WHAT IS OPERANT CONDITIONING?
Operant conditioning, also referred to as Skinnerian conditioning or instrumental conditioning, is a learning method where desired and voluntary behavior is taught through the use of positive and negative incentives.
Through a system of rewards and punishments, individuals make an association between a specific behavior and the consequences of the behavior. The association of the behavior with a reward or punishment leads to a modification in the strength of the behavior.
Operant conditioning is not something new. We can all point out numerous examples of how rewards and punishments have shaped our own behavior. Growing up, we tried a number of behaviors and then learned whether they are good or bad behaviors from their consequences.
Operant conditioning plays a very powerful role in everyday learning, and we see the principles of operant conditioning at play almost every day.
Below are some examples of how a system of rewards and punishment are used to influence behavior on a daily basis:
- A sales person receiving a bonus for hitting his targets. The bonus acts as a reward, encouraging the sales person to continue hitting his targets.

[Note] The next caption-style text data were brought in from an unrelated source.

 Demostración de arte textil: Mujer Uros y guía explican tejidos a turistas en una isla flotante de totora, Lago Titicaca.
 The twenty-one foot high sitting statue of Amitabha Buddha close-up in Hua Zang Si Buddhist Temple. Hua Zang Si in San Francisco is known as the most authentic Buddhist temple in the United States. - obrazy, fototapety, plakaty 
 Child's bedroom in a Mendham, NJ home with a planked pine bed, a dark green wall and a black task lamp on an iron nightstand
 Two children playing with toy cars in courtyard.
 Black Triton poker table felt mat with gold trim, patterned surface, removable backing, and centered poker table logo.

- A parent giving a child a prize for excellent grades to encourage the child to continue performing well in school.
- An employee who is habitually late to work is scolded by the boss, leading to a decrease in the behavior.

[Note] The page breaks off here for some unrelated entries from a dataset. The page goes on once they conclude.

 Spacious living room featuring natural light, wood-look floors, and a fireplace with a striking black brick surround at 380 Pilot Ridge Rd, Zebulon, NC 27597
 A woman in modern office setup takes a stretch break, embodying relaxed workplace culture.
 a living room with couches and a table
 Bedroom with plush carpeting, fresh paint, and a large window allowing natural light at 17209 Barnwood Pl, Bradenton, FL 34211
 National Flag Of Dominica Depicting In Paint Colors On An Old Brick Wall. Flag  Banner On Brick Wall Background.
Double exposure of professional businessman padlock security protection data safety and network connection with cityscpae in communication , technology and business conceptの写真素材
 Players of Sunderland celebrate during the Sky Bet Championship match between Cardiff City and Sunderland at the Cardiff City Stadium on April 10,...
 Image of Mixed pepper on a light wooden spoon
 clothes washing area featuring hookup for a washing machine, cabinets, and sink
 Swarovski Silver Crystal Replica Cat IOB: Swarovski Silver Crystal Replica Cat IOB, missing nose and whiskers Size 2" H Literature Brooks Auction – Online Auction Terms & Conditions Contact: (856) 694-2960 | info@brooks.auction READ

- A student who remains in detention because of playing truant is likely to stop the behavior.
- Giving customers redeemable loyalty points for shopping at a specific store increases their likelihood of shopping at the same store.
Operant conditioning is based on three main assumptions. The first assumption is that any action leads to an experience that is a direct consequence of the action.
The second assumption is that the perceived quality of the consequences of an action influences the likelihood of the action being repeated.
The final assumption is that behavior is mainly influenced by external, rather than internal factors.
HOW DID OPERANT CONDITIONING COME ABOUT
The concept of operant conditioning was first put forward by B. F. Skinner, an American psychologist, behaviorist and social philosopher. The term Skinnerian conditioning is a reference to his name. At the turn of the 20th century, psychologists had grown very interested in behaviorism.
Already, the concept of classical conditioning, had been proposed. Behaviorists who subscribed to the classical conditioning concept believed that learning was a mental and emotional process. They believed that the best way of studying behavior and learning was by looking at the internal thoughts and motivations of an individual.
While Skinner did not deny that the fact that internal thoughts and motivations have an influence on behavior, he thought that viewing them as the key drivers of behavior was too simplistic to explain complex human behavior. Skinner theorized that the best way of understanding learning and human behavior was to look at an individual’s actions and the consequences of these actions.
In explaining his theory, Skinner came up with the term “operant conditioning.” Skinner defined an operant as any active and deliberate behavior that led to a consequence. Skinner’s theory of operant conditioning borrowed heavily from Edward Thorndike’s Law of Effect.
Thorndike’s principle stated that actions that lead to favorable outcomes have a higher probability of being repeated. On the other hand, actions that lead to unfavorable outcomes are less likely to be repeated.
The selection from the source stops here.